Reflexiones sobre la ciencia ficción

Sin lugar a dudas, del universo se habla y mucho, siendo por otra parte, el gran desconocido. Se define como el conjunto de todo lo que tiene existencia física, en la Tierra y fuera de ella. Nos hacemos cábalas a medida que medimos e imaginamos explicaciones, llamadas teorías, pues nada o poco es demostrable. Si pensamos tan solo en su dimensión, su extensión, sus límites, nos preguntaremos, por ejemplo, cuál es el contenedor en el que se expande el universo. Y si algo lo contiene, qué contiene a ese algo. Teorías sobre el origen terminan enmarañadas con otras que surgen diciendo lo contrario. ¿Alguien sería capaz de crear un agujero de gusano en un medio físico? (ya sabemos que es en el vacío), ¿cómo lo controlas?, ¿cómo lo manejas?, ¿qué maquina es capaz de crear algo así entre dos puntos alejados años luz? Plegar el espacio como una hoja de papel es una idea feliz, pues la hoja la cogemos con nuestras manos y con el lápiz atravesamos el papel uniendo dos puntos. ¿Se imaginan a la distancia de cinco años luz una mano sujetando el espacio? El concepto de infinito es imposible de racionalizar y la mente humana no concibe que algo sea infinito, ya que somos finitos, vivimos en un mundo finito y nuestro contendor es finito. Aun así, imaginamos y creemos porque tenemos esa necesidad, y seguiremos descubriendo y avanzando.
Cuando hablamos de ciencia ficción, desde mi punto de vista quiero incidir y en la observación de los dos términos distintos que confunden al lector. El vocablo ciencia implica que, tras el relato, deba existir algún tipo de amparo técnico o investigador. Un argumento científico, en definitiva. La palabra ficción, sin embargo, solo expresa algo inventado y muy relacionado con el término fantasía; aquí incluso no encuentro discrepancia, salvo si buscamos el hilo argumentario que Orson Scott Card desarrolla en su libro Cómo escribir ciencia ficción y fantasía, con definiciones y conceptos de los que estoy de acuerdo casi al cien por ciento.

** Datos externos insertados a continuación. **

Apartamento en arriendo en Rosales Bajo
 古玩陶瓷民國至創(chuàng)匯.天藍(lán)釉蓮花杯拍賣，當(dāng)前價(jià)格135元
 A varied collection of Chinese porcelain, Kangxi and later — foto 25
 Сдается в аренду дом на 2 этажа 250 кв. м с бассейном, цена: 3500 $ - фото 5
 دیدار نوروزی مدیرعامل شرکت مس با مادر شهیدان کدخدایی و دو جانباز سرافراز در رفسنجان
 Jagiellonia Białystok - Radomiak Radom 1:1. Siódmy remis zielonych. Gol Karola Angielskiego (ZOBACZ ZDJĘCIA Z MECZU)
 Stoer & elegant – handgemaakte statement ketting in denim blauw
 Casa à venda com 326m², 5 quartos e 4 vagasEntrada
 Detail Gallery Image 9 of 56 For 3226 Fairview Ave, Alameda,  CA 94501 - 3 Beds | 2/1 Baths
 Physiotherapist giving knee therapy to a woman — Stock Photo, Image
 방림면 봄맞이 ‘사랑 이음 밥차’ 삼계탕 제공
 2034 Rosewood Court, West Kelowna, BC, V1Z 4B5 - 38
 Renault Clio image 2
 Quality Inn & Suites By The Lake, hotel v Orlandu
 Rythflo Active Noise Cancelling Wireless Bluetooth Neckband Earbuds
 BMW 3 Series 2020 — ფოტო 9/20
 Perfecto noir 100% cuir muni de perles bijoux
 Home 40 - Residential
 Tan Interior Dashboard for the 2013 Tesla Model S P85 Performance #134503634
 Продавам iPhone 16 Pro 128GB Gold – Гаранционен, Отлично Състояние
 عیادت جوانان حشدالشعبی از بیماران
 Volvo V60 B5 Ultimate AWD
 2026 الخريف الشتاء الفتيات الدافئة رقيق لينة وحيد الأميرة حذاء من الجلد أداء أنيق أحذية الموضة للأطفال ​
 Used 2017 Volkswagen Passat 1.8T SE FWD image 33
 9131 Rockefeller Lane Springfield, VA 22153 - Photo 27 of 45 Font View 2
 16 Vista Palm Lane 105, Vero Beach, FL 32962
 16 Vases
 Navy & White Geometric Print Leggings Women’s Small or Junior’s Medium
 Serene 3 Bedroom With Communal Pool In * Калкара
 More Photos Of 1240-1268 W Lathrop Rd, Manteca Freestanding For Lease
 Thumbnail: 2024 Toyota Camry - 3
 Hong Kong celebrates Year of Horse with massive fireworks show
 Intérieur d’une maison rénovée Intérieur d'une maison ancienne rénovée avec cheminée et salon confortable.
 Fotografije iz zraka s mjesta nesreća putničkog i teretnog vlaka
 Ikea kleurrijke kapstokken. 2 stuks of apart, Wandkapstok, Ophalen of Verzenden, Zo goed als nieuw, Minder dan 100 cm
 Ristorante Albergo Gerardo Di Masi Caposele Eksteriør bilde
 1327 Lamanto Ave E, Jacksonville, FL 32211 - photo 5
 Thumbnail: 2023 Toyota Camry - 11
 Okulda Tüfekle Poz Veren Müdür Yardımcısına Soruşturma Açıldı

Al escribir ciencia ficción, como digo, debemos tener clara la palabra que implica cierto conocimiento técnico, de desarrollo, o instrumental de la ciencia que se aplicará al relato. En este sentido, vamos a tener un grave problema, pues tenemos la necesidad de crear historias que traspasen nuestra barrera del conocimiento actual; debemos salir del sistema solar, si bien, técnicamente solo encontraremos divagaciones y teorías, a veces, increíblemente estúpidas o extrañas. Incluso limitaciones como la de Einstein de que no podemos viajar a más velocidad que la de la luz (aunque el genio acertara en ello, nunca admitiré una limitación así pues es la primera regla del fracaso intelectual). Podemos inventar, copiar o modificar tomando referencias de lo que ya existe y se utiliza en publicaciones científicas; aun así, terminaremos frustrados pues llegar a Marte no es tan fácil y qué decir de alcanzar un lugar a años luz.
Al hilo de la exposición, podemos pensar, tal y como aprecia Orson Scott Card, que el motor de curvatura es… una idiotez. Sin embargo, Miguel Alcubierre y su teoría sobre la burbuja de deformación plana, o también el teórico motor de la Nasa de Shawyer, denominado motor electromagnético con cámara de resonancia, quedarían fuera de la apreciación de Orson. Lo que sí resulta evidente es que queremos viajar. Y eso nos lleva a soñar porque, en ese viaje, casi todo vale. Siempre y cuando nosotros mismos estemos dispuestos a creerlo.
Aunque la ciencia nos lo ponga complicado, la imaginación va por delante y cualquier afirmación llegará a la consecuencia final de que la realidad superará a la ficción.